Return the data word for word. Pictures are to be omitted.

» **Given information**

□ □ □ □

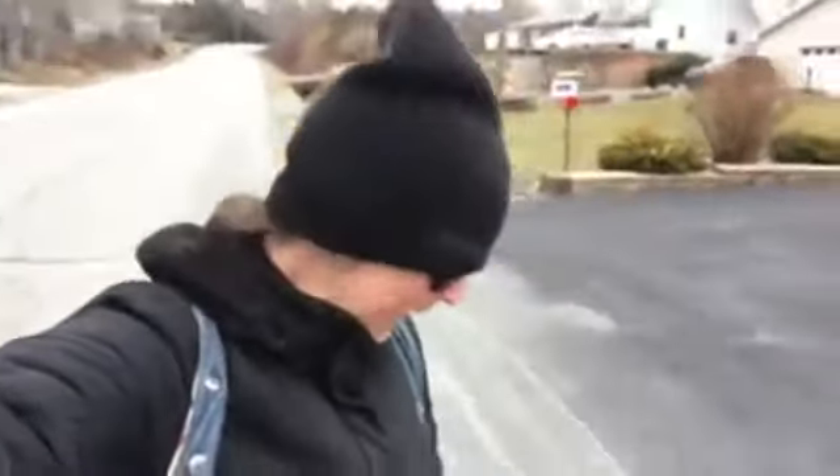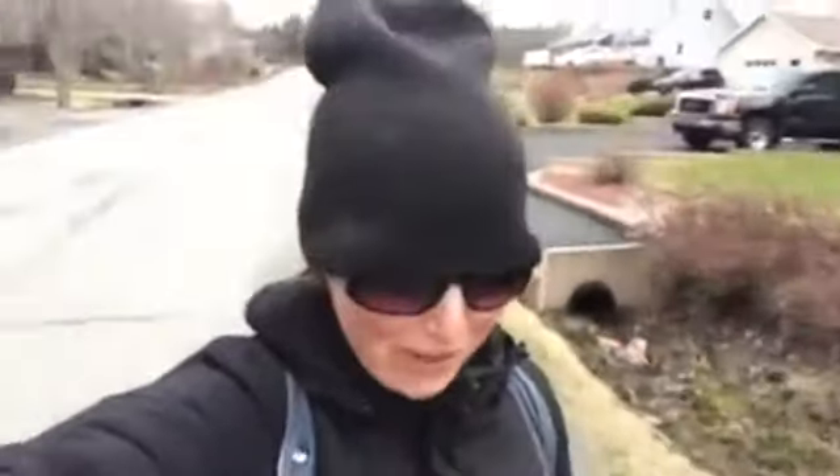Hey guys, Kristin here with Find Your Balance Dog Training. I am out walking with the mini pups Josie and Pepper. They are back for a little training tune-up to work on all of their great skills that they learned with us during Board and Train.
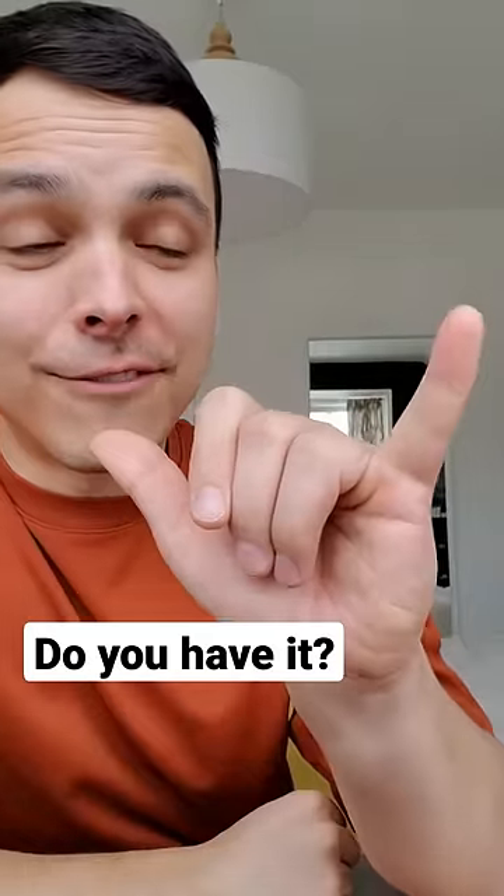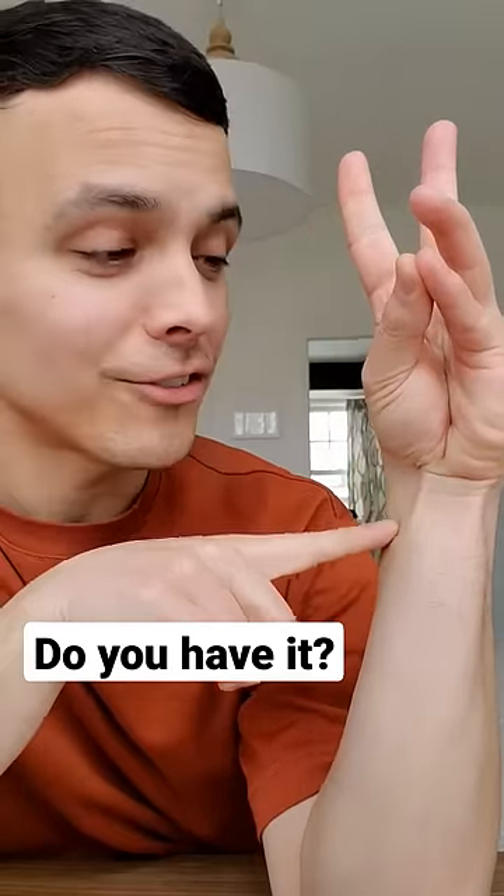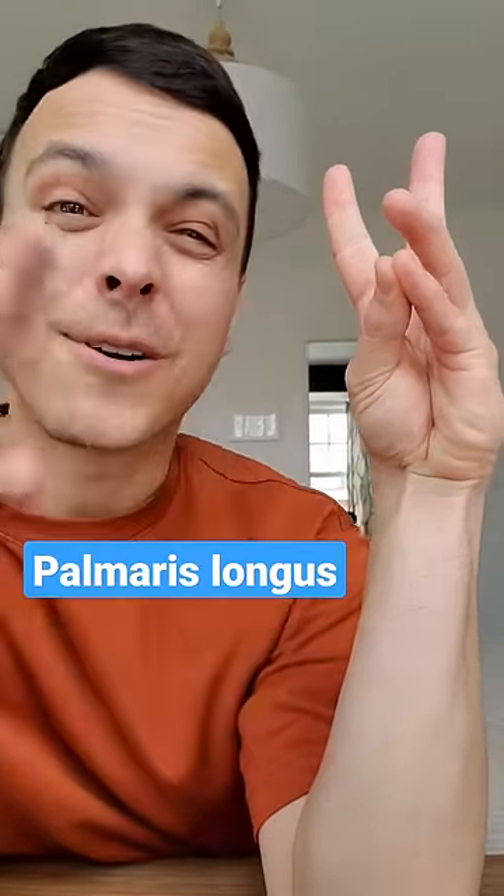Check this out. If you take your thumb and your pinky finger and touch them together and notice a raised band there, that's actually called the palmaris longus. And around 15% of people actually do not have this muscle in either one or both of their arms.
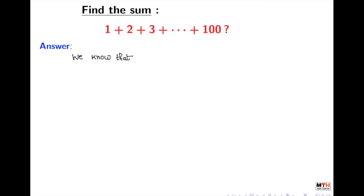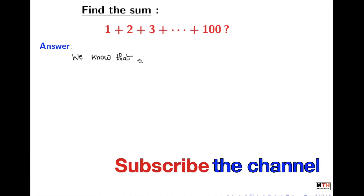At first, remember that we have to find the sum of the first 100 natural numbers. And there is a formula to find the sum of first n natural numbers. We will use it here.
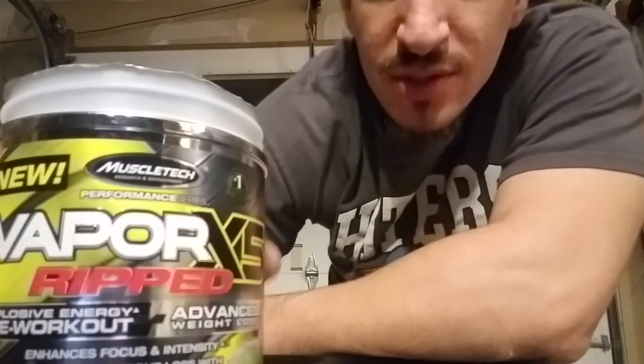My next one is MuscleTech Vapor X5. It states here 'explosive energy pre-workout, advanced weight loss.' I'm not using it for weight loss — I'm bulking up and trying to gain. One out of five, I'd probably give it a three. Initially when I first started using it I was feeling a pump. A lot of pre-workouts have about 250 to 300 milligrams of caffeine, that's what gives you the pump. But you have to realize some of them can give you the jitters. I deal with anxiety clinically, so I try to get a product that doesn't give me the jitters, and since I've been working out at night, I don't sleep for a while.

□ □ □ □

» **Solution to this exercise**
Hey guys, Kristin here with Find Your Balance Dog Training. I am out walking with the mini pups Josie and Pepper. They are back for a little training tune-up to work on all of their great skills that they learned with us during Board and Train.
Check this out. If you take your thumb and your pinky finger and touch them together and notice a raised band there, that's actually called the palmaris longus. And around 15% of people actually do not have this muscle in either one or both of their arms.
At first, remember that we have to find the sum of the first 100 natural numbers. And there is a formula to find the sum of first n natural numbers. We will use it here.
My next one is MuscleTech Vapor X5. It states here 'explosive energy pre-workout, advanced weight loss.' I'm not using it for weight loss — I'm bulking up and trying to gain. One out of five, I'd probably give it a three. Initially when I first started using it I was feeling a pump. A lot of pre-workouts have about 250 to 300 milligrams of caffeine, that's what gives you the pump. But you have to realize some of them can give you the jitters. I deal with anxiety clinically, so I try to get a product that doesn't give me the jitters, and since I've been working out at night, I don't sleep for a while.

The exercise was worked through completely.